While the standard advice is often to give AI more context and craft better prompts. The research shows this doesn't reliably work. These are more effective approaches:
- Ask for options, then critique each separately. Present your shortlist and the model works inside your framing. Ask it instead to make the strongest possible case for each option independently - including unfashionable options. For a procurement brief, that means prompting "make the strongest case for option A" and "make the strongest case for option B" in separate sessions, then applying your own judgement.

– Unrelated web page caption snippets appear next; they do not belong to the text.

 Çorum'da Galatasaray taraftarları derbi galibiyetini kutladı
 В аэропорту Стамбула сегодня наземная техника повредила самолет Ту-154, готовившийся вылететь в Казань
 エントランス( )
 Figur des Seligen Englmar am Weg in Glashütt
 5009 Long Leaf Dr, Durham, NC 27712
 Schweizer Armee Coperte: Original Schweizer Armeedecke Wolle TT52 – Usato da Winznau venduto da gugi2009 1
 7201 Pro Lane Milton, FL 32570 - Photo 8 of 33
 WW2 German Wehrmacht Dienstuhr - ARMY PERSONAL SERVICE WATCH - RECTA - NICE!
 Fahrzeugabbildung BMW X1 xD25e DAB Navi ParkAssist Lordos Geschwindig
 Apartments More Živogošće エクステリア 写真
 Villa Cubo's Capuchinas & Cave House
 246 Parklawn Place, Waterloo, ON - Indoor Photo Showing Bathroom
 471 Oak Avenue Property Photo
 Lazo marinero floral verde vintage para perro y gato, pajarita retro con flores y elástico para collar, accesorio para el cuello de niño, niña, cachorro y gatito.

- Ask for criticism explicitly. "Identify the three most significant weaknesses in this policy proposal" works. "What do you think of this approach?" doesn't. The more structurally you frame the critique, the less room the model has to default to encouragement.
- Strip preference signals from your prompts. Any language suggesting which option you favour - "we're leaning toward," "I think this is probably right" - becomes a target. The model will weigh toward it. The same goes for options you don't favour - "I think this is probably wrong" - the AI will weigh against it. Write prompts as if the options are genuinely open and equivalent.
- Treat hybrid recommendations as a flag. If the model recommends pursuing both sides of a trade-off, run separate prompts for each option and stress-test the hybrid specifically before accepting it. "What are the risks of pursuing both differentiation and cost leadership simultaneously?" is a more useful prompt than accepting the hybrid as the answer.
- Track model versions. Biases shift as models are updated. Maintain a record of your key queries and outputs so you can detect changes over time. Be prepared to rerun analysis across models and critically consider why they may give different results.
- Have different people run the prompts. Many modern LLMs now have memory they store about the user 'in the background' (including CoPilot). While most of the time you can find this if you search and even edit, remove and add memories, it can be a hidden spoiler that biases the AI's response based on what it knows you generally like or dislike. Different people will have different memories retained, so you will get a broader set of viewpoints from an AI by running prompts separately by person - or logging out entirely if that's feasible (not always possible within agencies, particularly using CoPilot within your firewall).